I've become familiar with that fact during about the past 15 months, thanks to all of the playthings Christina, my wife, and I have purchased for Hazel, our daughter.
Her toys are located mainly in our house's living room, though they often make their way to her bedroom or the kitchen.
Hazel has small plastic balls; stackable buckets, cups and rings; and other miscellaneous toys that don't make noise automatically.
However, she can put the balls in a multicolored Playskool Busy Ball Popper Toy, which shoots the spheres straight up while music plays.
This is one of Hazel's favorite objects to play with, as our toddler usually will come running when we push the button to turn on the toy.

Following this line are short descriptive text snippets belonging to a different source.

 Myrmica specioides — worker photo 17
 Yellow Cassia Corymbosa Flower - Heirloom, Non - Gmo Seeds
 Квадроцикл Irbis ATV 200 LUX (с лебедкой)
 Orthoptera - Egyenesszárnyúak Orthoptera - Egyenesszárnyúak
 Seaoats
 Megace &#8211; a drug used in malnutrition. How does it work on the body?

She also has figured out how to push the start button on her own and she almost always smiles and laughs when she gets the toy going.

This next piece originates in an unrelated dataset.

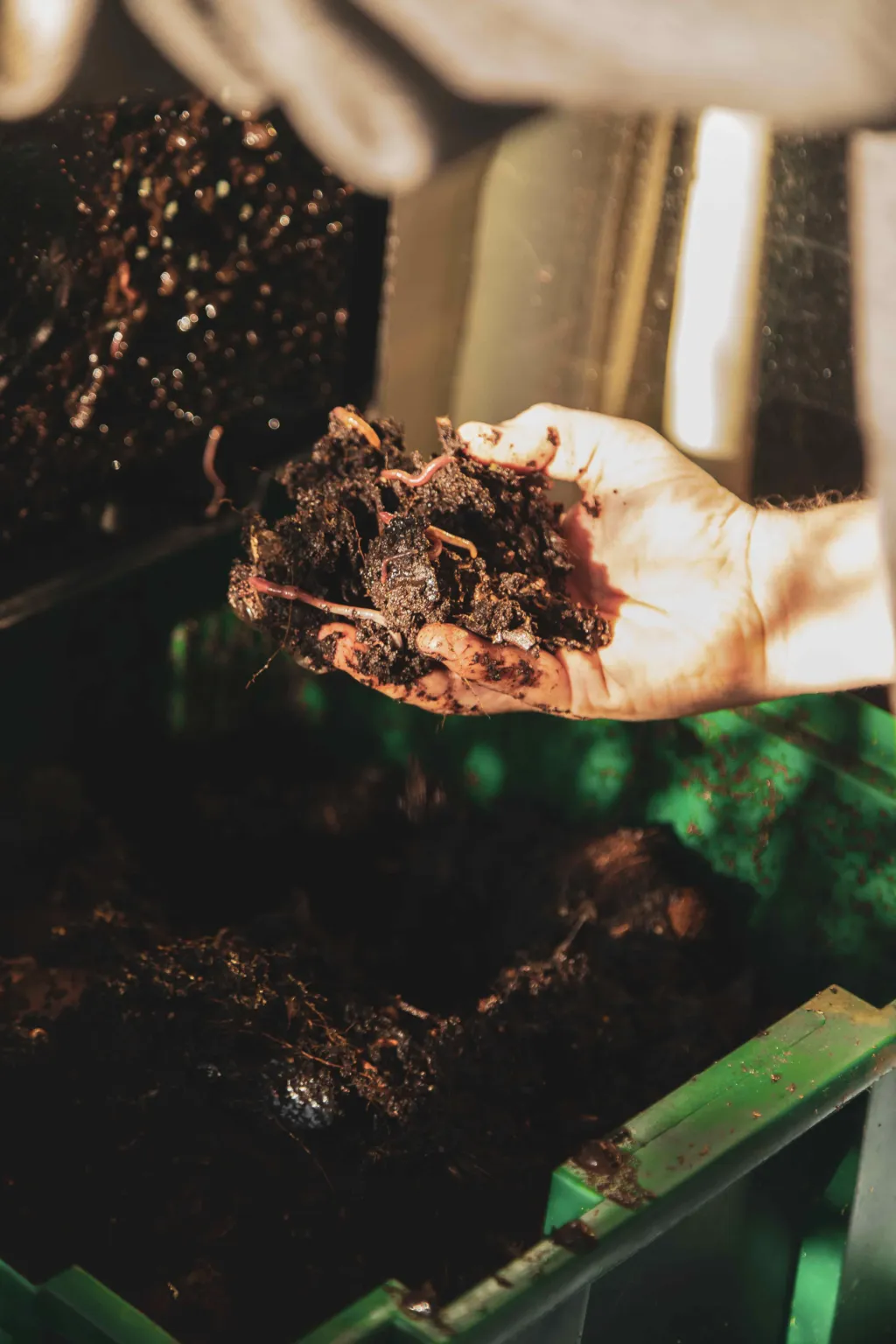 The Compost Connection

Another of Hazel's preferred playthings is a mostly pink, light-up teapot from Fisher-Price's Laugh & Learn Sweet Manners Tea Set.
She enjoys pushing the music button on the teapot so she can "pour" out the tea as the spout lights up and several songs and sounds play.
Hazel also has a big basket of stuffed animals to play with and babble to and magnetic letters to put on and take off the refrigerator.
However, whenever she sees Christina or me with a plastic water bottle, she reaches her little hands up for it because it's another object for her to play with.
Hazel loves to shake a bottle that has water in it, due to the noise the liquid makes, and roll it across our kitchen's hardwood floor.
When we watch her play with a water bottle, we wonder why we even buy her toys, but we never know what she'll want to play with next.
We're still working on getting Hazel to pick up her toys after she pulls most of them out of her pink Minnie Mouse toy chest.
Sometimes she'll put away her playthings by herself and then just take them out again right away, so again, it's a work in progress.
For now, it's all play, all day for Hazel and no work, but at least our daughter isn't a jerk – and won't be - as long as Christina and I raise her the right way.